-------- Record excerpts

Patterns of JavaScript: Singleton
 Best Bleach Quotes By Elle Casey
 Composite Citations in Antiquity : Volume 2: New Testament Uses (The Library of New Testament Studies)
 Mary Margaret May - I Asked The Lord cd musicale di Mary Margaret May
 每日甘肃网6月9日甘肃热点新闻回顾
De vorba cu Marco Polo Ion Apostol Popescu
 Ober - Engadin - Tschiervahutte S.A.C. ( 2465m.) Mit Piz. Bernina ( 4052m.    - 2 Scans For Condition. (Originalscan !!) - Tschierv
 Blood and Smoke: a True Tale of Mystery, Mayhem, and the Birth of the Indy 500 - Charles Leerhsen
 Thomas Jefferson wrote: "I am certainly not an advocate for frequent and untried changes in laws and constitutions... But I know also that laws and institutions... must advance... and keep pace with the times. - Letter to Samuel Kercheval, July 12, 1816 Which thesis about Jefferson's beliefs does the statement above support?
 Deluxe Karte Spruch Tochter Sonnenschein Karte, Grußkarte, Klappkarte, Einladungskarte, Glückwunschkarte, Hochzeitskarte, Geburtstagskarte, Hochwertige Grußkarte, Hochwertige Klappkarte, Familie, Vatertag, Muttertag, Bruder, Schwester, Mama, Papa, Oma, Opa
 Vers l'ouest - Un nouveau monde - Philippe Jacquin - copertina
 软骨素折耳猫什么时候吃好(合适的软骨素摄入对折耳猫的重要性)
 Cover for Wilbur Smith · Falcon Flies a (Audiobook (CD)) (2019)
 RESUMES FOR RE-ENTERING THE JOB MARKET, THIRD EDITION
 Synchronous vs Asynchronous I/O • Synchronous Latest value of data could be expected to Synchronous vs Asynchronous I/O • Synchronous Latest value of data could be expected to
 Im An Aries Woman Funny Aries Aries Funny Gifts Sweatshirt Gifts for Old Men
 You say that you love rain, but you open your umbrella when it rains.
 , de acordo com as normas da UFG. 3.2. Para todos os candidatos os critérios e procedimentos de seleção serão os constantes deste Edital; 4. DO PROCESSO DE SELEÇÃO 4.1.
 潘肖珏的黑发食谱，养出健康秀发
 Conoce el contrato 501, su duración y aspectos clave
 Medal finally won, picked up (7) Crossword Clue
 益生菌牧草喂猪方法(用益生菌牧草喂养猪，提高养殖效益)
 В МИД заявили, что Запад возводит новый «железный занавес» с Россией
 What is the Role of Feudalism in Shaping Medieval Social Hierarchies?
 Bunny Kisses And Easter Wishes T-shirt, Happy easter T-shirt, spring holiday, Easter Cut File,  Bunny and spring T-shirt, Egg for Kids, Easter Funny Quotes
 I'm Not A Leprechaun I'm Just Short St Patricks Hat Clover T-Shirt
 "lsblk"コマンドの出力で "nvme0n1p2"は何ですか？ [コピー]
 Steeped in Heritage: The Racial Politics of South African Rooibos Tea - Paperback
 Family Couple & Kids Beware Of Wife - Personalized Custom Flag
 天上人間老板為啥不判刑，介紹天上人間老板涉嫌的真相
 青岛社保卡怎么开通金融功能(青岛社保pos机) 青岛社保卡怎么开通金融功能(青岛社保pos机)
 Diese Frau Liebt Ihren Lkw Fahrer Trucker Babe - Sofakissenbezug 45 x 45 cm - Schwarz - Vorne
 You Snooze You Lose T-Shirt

----------------

Write out the complete set of records exactly as given.

Patterns of JavaScript: Singleton
 Best Bleach Quotes By Elle Casey
 Composite Citations in Antiquity : Volume 2: New Testament Uses (The Library of New Testament Studies)
 Mary Margaret May - I Asked The Lord cd musicale di Mary Margaret May
 每日甘肃网6月9日甘肃热点新闻回顾
De vorba cu Marco Polo Ion Apostol Popescu
 Ober - Engadin - Tschiervahutte S.A.C. ( 2465m.) Mit Piz. Bernina ( 4052m.    - 2 Scans For Condition. (Originalscan !!) - Tschierv
 Blood and Smoke: a True Tale of Mystery, Mayhem, and the Birth of the Indy 500 - Charles Leerhsen
 Thomas Jefferson wrote: "I am certainly not an advocate for frequent and untried changes in laws and constitutions... But I know also that laws and institutions... must advance... and keep pace with the times. - Letter to Samuel Kercheval, July 12, 1816 Which thesis about Jefferson's beliefs does the statement above support?
 Deluxe Karte Spruch Tochter Sonnenschein Karte, Grußkarte, Klappkarte, Einladungskarte, Glückwunschkarte, Hochzeitskarte, Geburtstagskarte, Hochwertige Grußkarte, Hochwertige Klappkarte, Familie, Vatertag, Muttertag, Bruder, Schwester, Mama, Papa, Oma, Opa
 Vers l'ouest - Un nouveau monde - Philippe Jacquin - copertina
 软骨素折耳猫什么时候吃好(合适的软骨素摄入对折耳猫的重要性)
 Cover for Wilbur Smith · Falcon Flies a (Audiobook (CD)) (2019)
 RESUMES FOR RE-ENTERING THE JOB MARKET, THIRD EDITION
 Synchronous vs Asynchronous I/O • Synchronous Latest value of data could be expected to Synchronous vs Asynchronous I/O • Synchronous Latest value of data could be expected to
 Im An Aries Woman Funny Aries Aries Funny Gifts Sweatshirt Gifts for Old Men
 You say that you love rain, but you open your umbrella when it rains.
 , de acordo com as normas da UFG. 3.2. Para todos os candidatos os critérios e procedimentos de seleção serão os constantes deste Edital; 4. DO PROCESSO DE SELEÇÃO 4.1.
 潘肖珏的黑发食谱，养出健康秀发
 Conoce el contrato 501, su duración y aspectos clave
 Medal finally won, picked up (7) Crossword Clue
 益生菌牧草喂猪方法(用益生菌牧草喂养猪，提高养殖效益)
 В МИД заявили, что Запад возводит новый «железный занавес» с Россией
 What is the Role of Feudalism in Shaping Medieval Social Hierarchies?
 Bunny Kisses And Easter Wishes T-shirt, Happy easter T-shirt, spring holiday, Easter Cut File,  Bunny and spring T-shirt, Egg for Kids, Easter Funny Quotes
 I'm Not A Leprechaun I'm Just Short St Patricks Hat Clover T-Shirt
 "lsblk"コマンドの出力で "nvme0n1p2"は何ですか？ [コピー]
 Steeped in Heritage: The Racial Politics of South African Rooibos Tea - Paperback
 Family Couple & Kids Beware Of Wife - Personalized Custom Flag
 天上人間老板為啥不判刑，介紹天上人間老板涉嫌的真相
 青岛社保卡怎么开通金融功能(青岛社保pos机) 青岛社保卡怎么开通金融功能(青岛社保pos机)
 Diese Frau Liebt Ihren Lkw Fahrer Trucker Babe - Sofakissenbezug 45 x 45 cm - Schwarz - Vorne
 You Snooze You Lose T-Shirt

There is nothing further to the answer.